Manevi tazminat zenginleşme aracı olmamakla beraber, bu yöndeki talep hakkındaki hüküm kurulurken olay sebebiyle duyulan acı ve elemin kısmen de olsa giderilmesi amaçlanmalı ve bu sebeple tarafların sosyal ve ekonomik durumları ile birlikte olayın meydana geliş şekli de gözönünde tutularak, hak ve nasafet kuralları çerçevesinde bir sonuca varılmalıdır. Zira, Türk Medeni Kanununun 4. maddesinde, kanunun takdir hakkı verdiği hallerde hakimin hukuka ve hakkaniyete göre hükmedeceği öngörülmüştür.
Yukarıda belirtilen hususlar dikkate alındığında, davacı ... dışındaki diğer davacılar ..., ..., ..., ..., ..., ..., ... lehine takdir olunan manevi tazminatın az olduğu görülmüş ve hakkaniyete uygun bir manevi tazminata hükmedilmek üzere kararın bozulması gerekmiştir.

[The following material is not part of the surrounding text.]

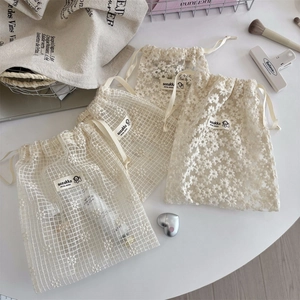 Set di tre sacchetti portaoggetti in rete con coulisse e delicato ricamo di margherite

SONUÇ: Yukarıda (1) numaralı bentte açıklanan nedenlerle davalılar vekilinin davacı ... ve ... lehine hükmedilen manevi tazminata ilişkin temyiz dilekçesinin (isteminin) REDDİNE,(2) numaralı bentte açıklanan nedenlerle davalılar vekilinin tüm, davacılar vekilinin sair temyiz itirazlarının REDDİNE, (3) numaralı bentte açıklanan nedenlerle davacılar vekilinin temyiz itirazlarının kabulü ile hükmün BOZULMASINA, aşağıda dökümü yazılı 2.484,78 TL kalan onama harcının temyiz eden davalılardan alınmasına, peşin alınan harcın istek halinde temyiz eden davacılara geri verilmesine 21/11/2018 gününde oybirliğiyle karar verildi.